SUPPLIED MATERIAL:

------------------------------

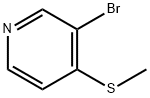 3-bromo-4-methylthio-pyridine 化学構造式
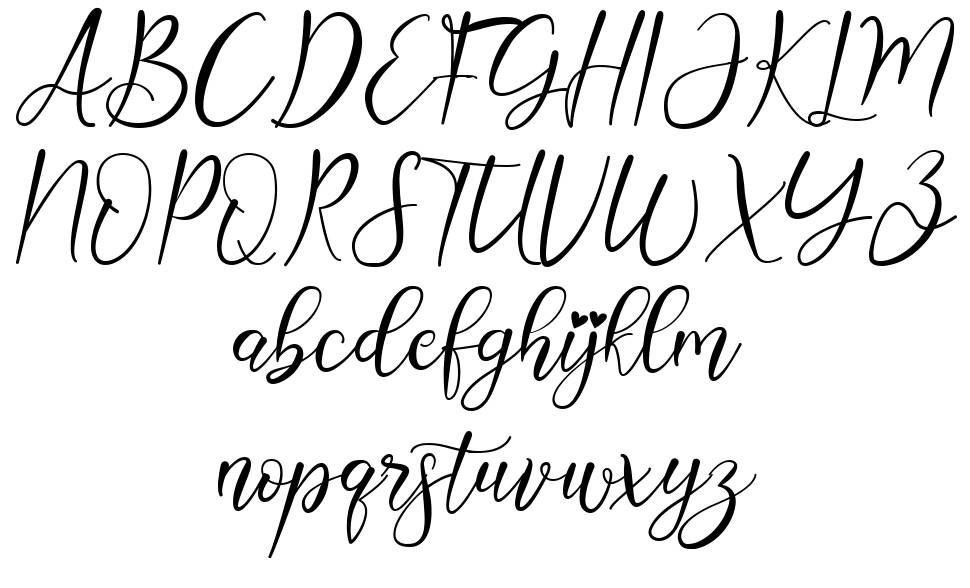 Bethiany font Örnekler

------------------------------

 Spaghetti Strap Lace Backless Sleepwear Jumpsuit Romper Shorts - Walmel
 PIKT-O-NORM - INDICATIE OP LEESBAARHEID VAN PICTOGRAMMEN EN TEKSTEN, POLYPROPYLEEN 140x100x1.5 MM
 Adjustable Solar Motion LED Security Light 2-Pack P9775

------------------------------

DIRECTIONS FOR THIS TASK:
When you reach the line with "3-bromo-4-methylthio-pyridine 化学構造式" in the records above, begin repeating the lines exactly, and stop after the line with "Bethiany font Örnekler". Skip all pictures.

RESULT OF THIS TASK:
 3-bromo-4-methylthio-pyridine 化学構造式
 Bethiany font Örnekler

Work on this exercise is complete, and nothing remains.